Production-Ready Spark Streaming Part I

Published in

Split Brain

12 min readJul 5, 2017

One of the projects I work on is a Near Real Time events ingestion and processing pipeline built using Spark Streaming. It took quite an effort to put all the bells and whistles in place to make it production ready, which I’ll talk about in this post.

TL;DR: There’s no TLDR. This is a longish post intended to serve as my personal notes as well as a how-to guide for anyone attempting similar stuff.

System Overview

The data infrastructure at Thumbtack is built on Google Cloud Platform. Events from various services are emitted to a Fluentd service, which acts as a router that forwards those messages to multiple destinations. In this case, events are sent to Google Pubsub topics for stream processing and AWS S3 for batch processing & backup (use of S3 is a relic of a previous generation of data infrastructure at Thumbtack, and continuing to tee off data there gave us a very robust migration path. It may eventually be deprecated in favor of GCS)

Spark streaming jobs are run on Google Dataproc clusters, which provides a managed Hadoop + Spark instance. And since it needs to pull in events from Google Pubsub, we use a custom receiver implementation.

Pre-reads

Spark Streaming documentation lays out the necessary configuration for running a fault tolerant streaming job. There are several talks / videos from the authors themselves on this topic. These basic guidelines — enabling Write Ahead Logs (WAL), enabling checkpointing, ensuring incoming messages are stored in the WAL before acknowledging them to the source — are all followed to the dot.

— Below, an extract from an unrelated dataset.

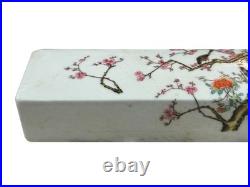 Pair White Porcelain Flower Birds Scenery Rectangular Display Paperweight GB347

There are a few other blog posts that came in very handy with some Spark / Yarn tuning suggestions. I’ve borrowed some of the tips and tweaks from them.

Since we run on Google Dataproc, the problems with hardware, HDFS, Yarn et al. is abstracted out. The realm of failures here is in the streaming application + network services domain.

Production readiness checklist #1: Stability

Before tuning the jobs for performance (latency or throughput) it is important to have at least one set of configuration values that ensures the stability of a long running streaming job. Stability essentially translates into two factors:

Have the batch processing time less than the batch interval: or else input data will keep getting queued up in the WAL, making the recovery from checkpoint on a restart extremely slow. And if there’s a code change needed in this period, you will have to throw away the checkpoint data and recover this hole in data by some other way.
Handle failures: catch all exceptions in receivers and output operations, retry sufficient number of times and if still failing, give up deterministically and page somebody (or move on, but still page somebody).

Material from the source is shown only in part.